Source information START

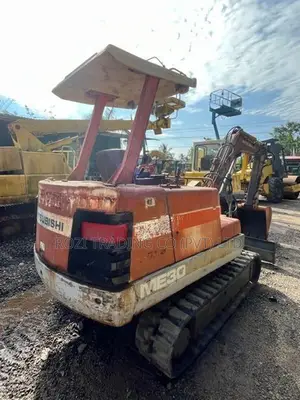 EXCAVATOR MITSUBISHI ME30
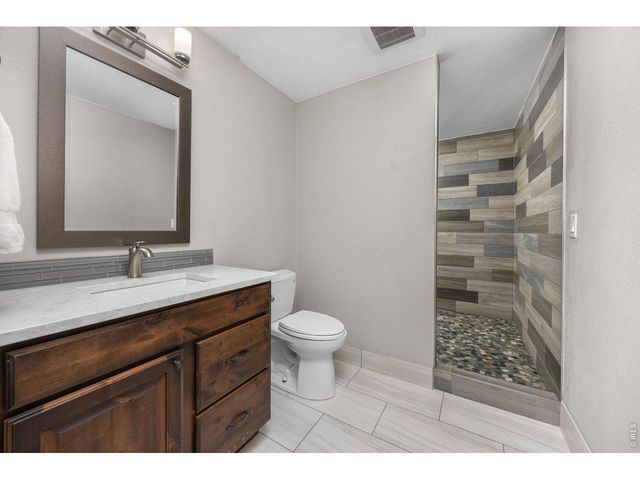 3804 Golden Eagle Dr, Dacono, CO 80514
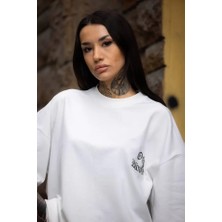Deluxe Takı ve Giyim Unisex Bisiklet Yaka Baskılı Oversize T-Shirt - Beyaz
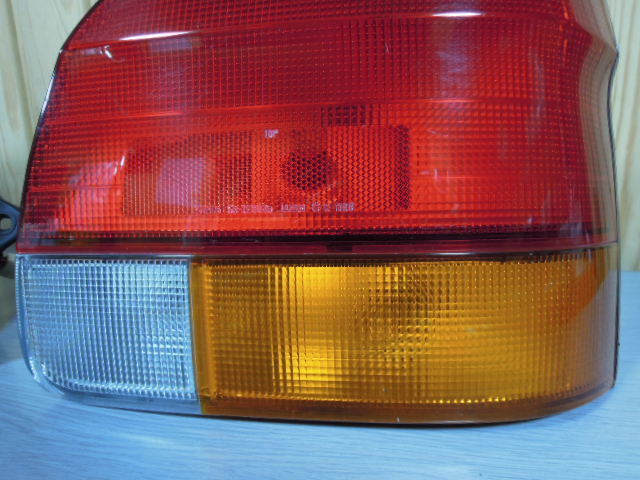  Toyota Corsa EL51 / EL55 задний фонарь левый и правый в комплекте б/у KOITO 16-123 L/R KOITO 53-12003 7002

Source information END
Source information START

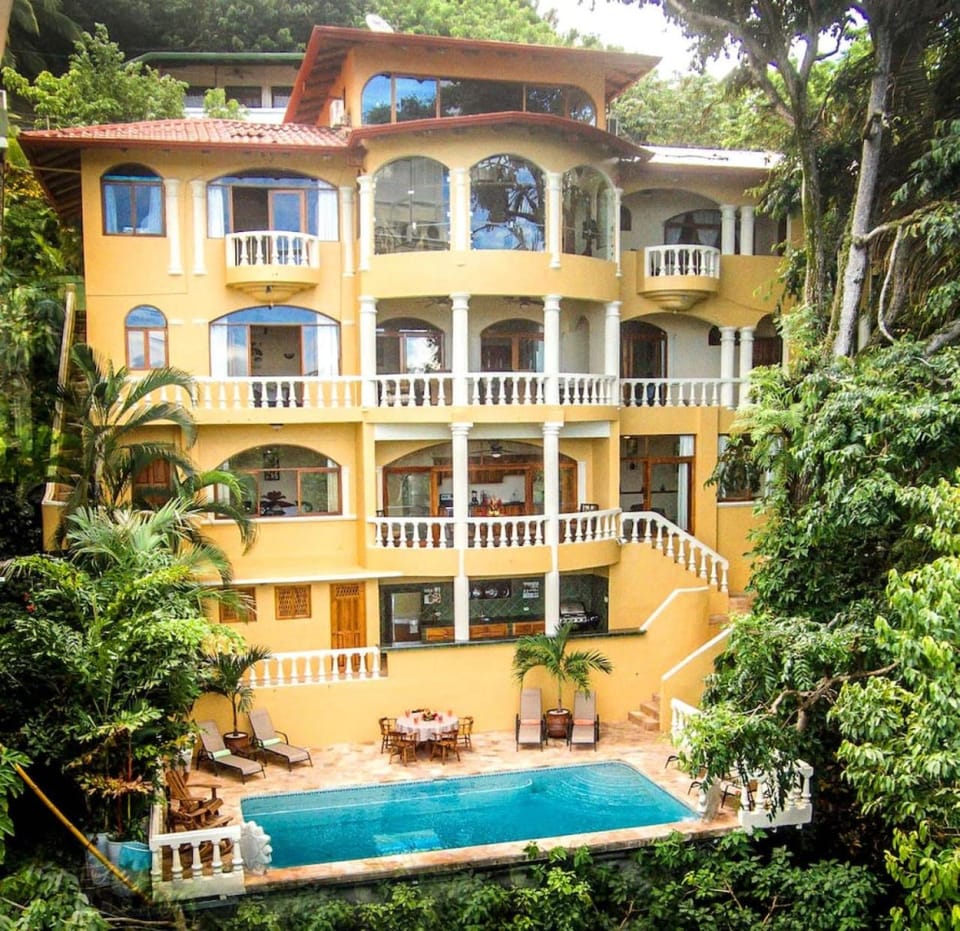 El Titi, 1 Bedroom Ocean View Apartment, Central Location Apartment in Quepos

Source information END

-- Problem description --
Work from the entries above. Set down exactly and only the lines from the line with "3804 Golden Eagle Dr, Dacono, CO 80514" to the line with "Toyota Corsa EL51", both included, and leave the pictures out.

-- Exercise solution --
 3804 Golden Eagle Dr, Dacono, CO 80514
Deluxe Takı ve Giyim Unisex Bisiklet Yaka Baskılı Oversize T-Shirt - Beyaz
  Toyota Corsa EL51 / EL55 задний фонарь левый и правый в комплекте б/у KOITO 16-123 L/R KOITO 53-12003 7002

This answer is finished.